(MoneyWatch) If you set goals for yourself or for others as part of your job, it is imperative you don't make the goal-crushing mistakes discussed below. You already learned how from Harvard Business School, you need to avoid these common errors in setting goals:
1. Goals that are too specific. One benefit of goal is that is focuses your attention. It forces you to focus all of your attention, resources, and energy on a single objective, rather than a range of disparate and even conflicting goal. That can be incredibly powerful. People without goals diffuse their energy across multiple objectives. But have them train their sights on something specific and you will begin to see results. That's the good news.
The bad news? Goals can be too specific. The biggest problem is when you set the wrong goal. You decide to lose 15 pounds. Seems reasonable, but it may be too focused on a specific number and distract from what you really want -- better health. Remember Enron? Their goal was laser-focused on hitting revenue targets -- so much so that bonuses and other incentives were pegged to sales, when a much better goal would have been to target profits.
Another side-effect of excessively targeted goals is that you can become blind to important, but seemingly unrelated, issues. A tragic example of this is the Ford Pinto, which had a tendency to explode in rear-end collisions. The automaker's goal was to bring the car to market, overriding safety concerns.
2. Too many goals. According to the Harvard report, "Individuals with multiple goals are prone to concentrate on only one goal." But which one? Research shows that when we have both quantity and quality goals, we will focus on meeting the quantity goals because they are easier to achieve and measure. The lesson here is to strip away as many of your goals as possible and focus more intensively on a smaller number of objectives.
3. Inappropriate time horizon. We see this play out every quarter in the stock market. For many companies, it's all about hitting this quarter's earnings, even if if that harms long-term growth. It's the kick-the-can approach to goal achievement. And if your time frame is off, your goals may act as a ceiling to performance.
Take an enduring question that the Harvard report addresses -- why it is so hard to get a taxi on a rainy day.

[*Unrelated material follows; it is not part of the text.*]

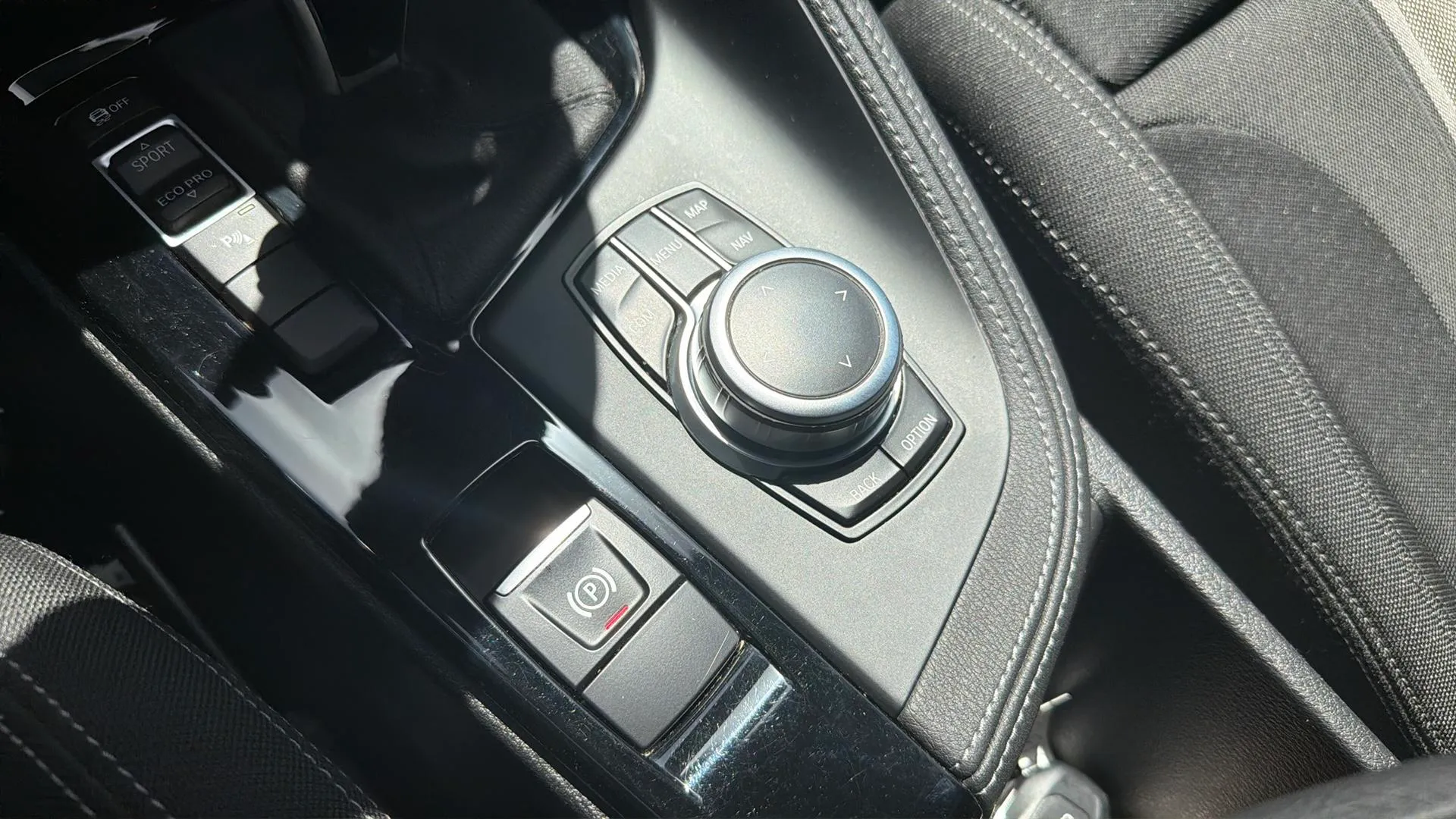 BMW X2 sDrive18i - foto 18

Too much people looking for a cab, right? Yes, but there is more to it than that. Cab drivers typically set daily fare goals -- usually double the amount it costs them to rent their cabs for their shift. With rain comes more customers, so they hit their daily goal early and then go home early. In short, for cabbies the daily goal time-frame is not the most effective. If they set weekly or monthly targets, they could work longer hours when it rains and get off early on days when it is dryer (and slower).
What are your goals? Are they too focused? Do you have too many? Or do you have time limits that aren't realistic? Review each of your goals so you don't commit the mistakes above and to ensure your goals are designed for maximum success.